Queimadas, desmatamento e ação humana
Os impactos negativos da ação humana estão cada vez mais evidentes. Enquanto o Rio Grande do Sul vive uma das maiores tragédias da história do estado, a chuva persiste e a dificuldade de escoamento das águas, gera sofrimento. Segundo especialistas, a retirada da vegetação nativa tornou a região mais vulnerável e agravou os efeitos das tempestades.

Mas será que esse cenário está tão distante da nossa realidade? Na Paraíba, o bioma caatinga ocupa cerca de 90% do território, o que mostra a importância de conhecer e valorizar as diferentes características dessa vegetação. No Nordeste, a Paraíba e o Rio Grande do Norte foram os estados que mais apresentaram aumentos expressivos na área de vegetação suprimida, um crescimento que representa mais de 100%, segundo relatório referente a 2023.

As queimadas também influenciam nessa perda e, historicamente, tem transformado a caatinga, de um bioma florestal, para um bioma arbustivo e cada vez mais degradado.

Os dados são do MapBiomas, uma rede colaborativa formada por ONGs, universidades e startups de tecnologia, que conta com vários pesquisadores envolvidos.

O coordenador do MapBiomas Caatinga, Washington Rocha, reforça a preocupação. “É um cenário preocupante porque nós temos a ameaça de eventos climáticos extremos com possibilidade de catástrofe. Lembrando que temos um potencial de catástrofe de dois sentidos, de enxurradas e temos também risco de secas prolongadas, ampliação de desmatamento e por último a conservação do patrimônio genético que implica em você manter o ecossistema com os seus serviços ecossistêmicos ativos”, frisa.

Em João Pessoa, o aumento da construção de empreendimentos em locais com variedade de fauna e flora, é uma realidade que também pode gerar prejuízos, quando o assunto é desmatamento.

O aumento contínuo dos alertas de desmatamento, na Paraíba, conforme registrado pelo MapBiomas, é um sinal preocupante da perda acelerada dos ecossistemas naturais. Para se ter uma ideia, se em 2019 foram três alertas de desmatamento, no ano passado, foram quase 2.200. Se um campo de futebol tem pouco mais de um hectare, a área desmatada em nosso estado, só em 2023, representa mais de 12 mil campos de futebol.

Desmatamento que tem profundo impacto nas mudanças climáticas, na perda da biodiversidade e na erosão e degradação do solo. Atualmente, pesquisadores da Universidade Federal da Paraíba (UFPB) investigam se as rochas que foram colocadas no sopé da barreira do Cabo Branco, construção conhecida como enrocamento, seria responsável por reduzir a faixa de areia da praia e, por consequência, aumentar a erosão da calçadinha, área destruída pela intensa ação do mar. O resultado ainda é inconclusivo, mas é certo que a elevação dos níveis dos oceanos é um dos impactos mais significativos das mudanças climáticas, resultante, principalmente, do aquecimento global.

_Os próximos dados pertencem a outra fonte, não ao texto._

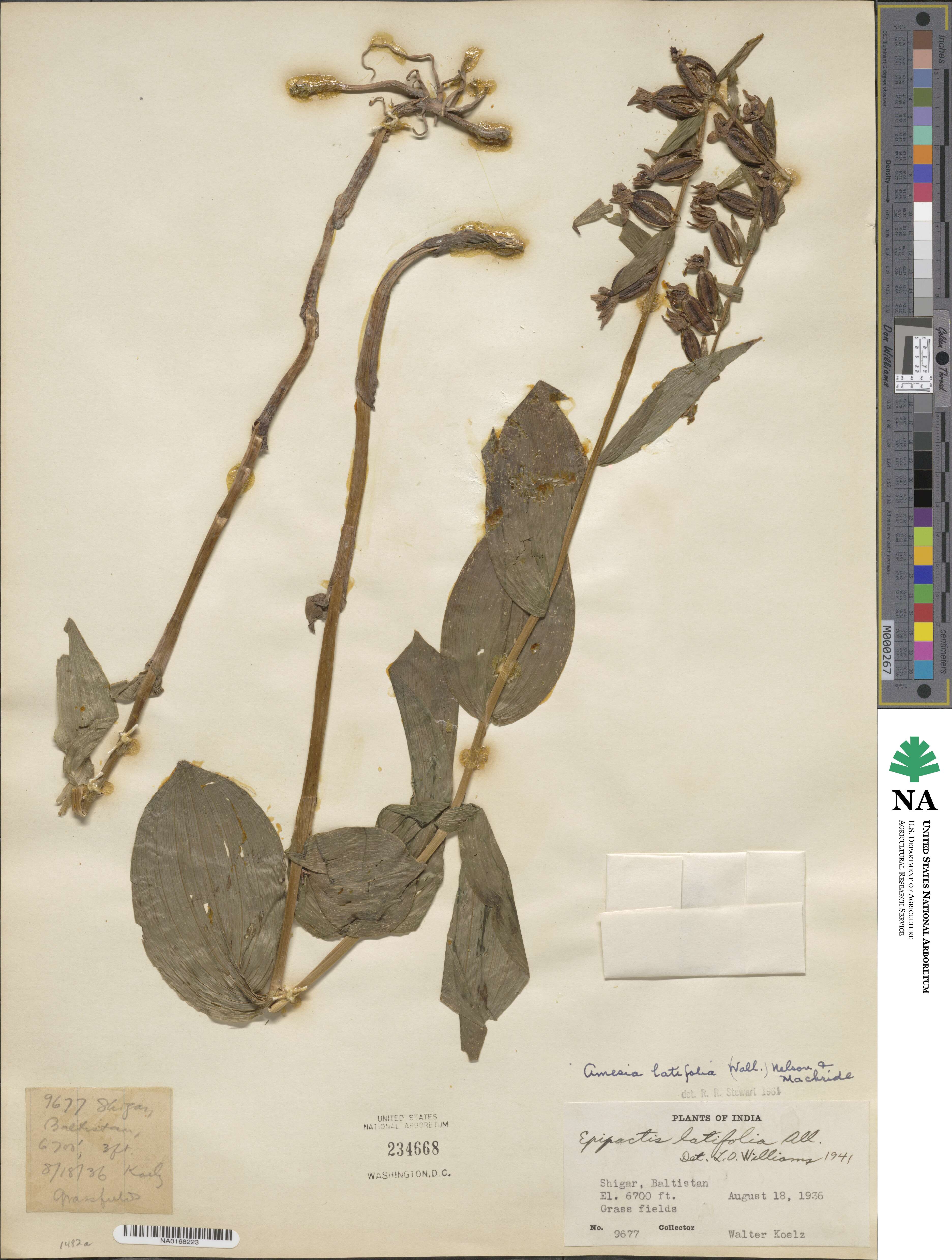 Epipactis latifolia image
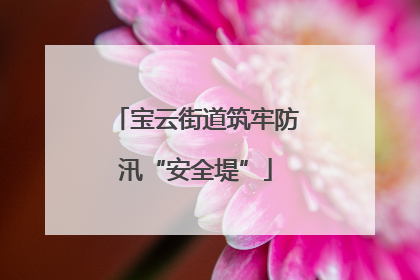 宝云街道筑牢防汛“安全堤”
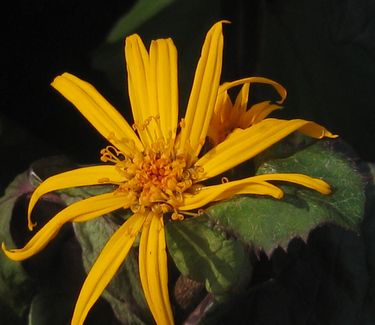 Ligularia dentata 'Othello' 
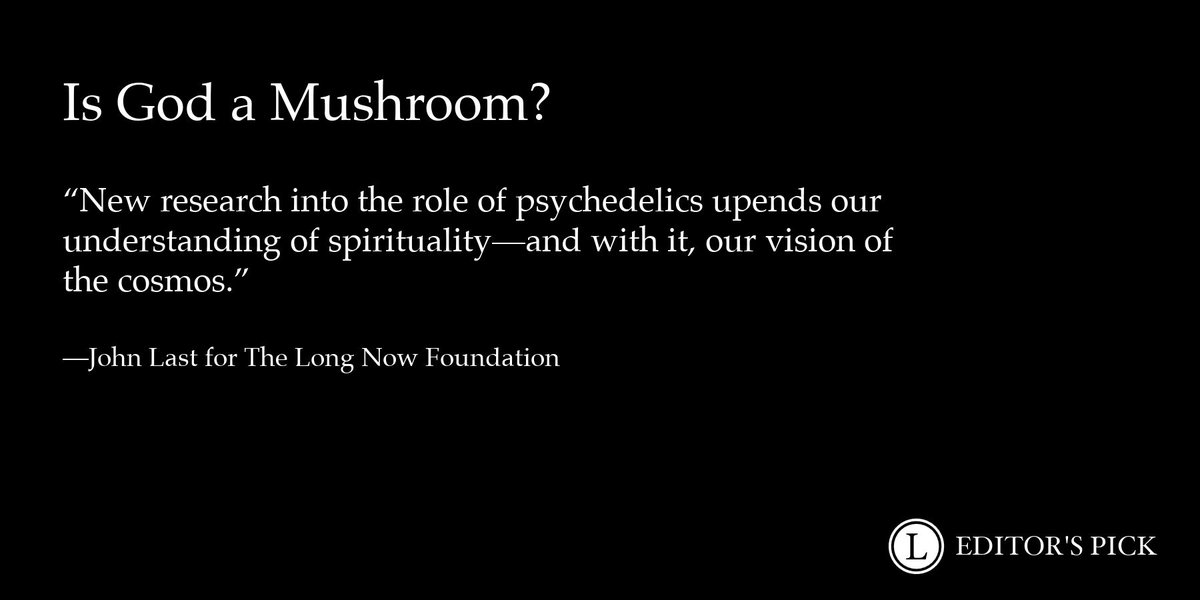 "If it could be proven that the church was built on the foundation of holy fungi, not only would figures like Allegro be vindicated — psychedelics, too, could no longer be considered so taboo."

John Last for <a href="/longnow/">Long Now Foundation</a>: longreads.com/2025/03/11/is-…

O geógrafo e professor da UFPB, Saulo Vital, contribui para esses estudos e fala sobre as consequências desse cenário para as cidades litorâneas, como João Pessoa.

"Também precisa levar em consideração o avanço da urbanização, então nem tudo vai ser necessariamente avanço do nível do mar. Claro que nós estamos passando por um processo de aquecimento e, como consequência, teremos esse avanço. Mais fiscalização em relação às ocupações que estão na orla, para que não ocorram os dois processos, o mar avançar e a urbanização também", destaca o geógrafo.

Investir em infraestruturas resilientes, promover práticas de uso sustentável da terra e reduzir as emissões de gases de efeito estufa são passos importantes para enfrentar os desafios climáticos, segundo especialistas. Mas é a prevenção, ao contrário da contenção de danos, que pode garantir um futuro sustentável. O que vamos deixar para as próximas gerações, é um problema de hoje, está aqui, e nos acompanha não só nos noticiários, mas em nossa rotina. É algo que não dá mais para ignorar.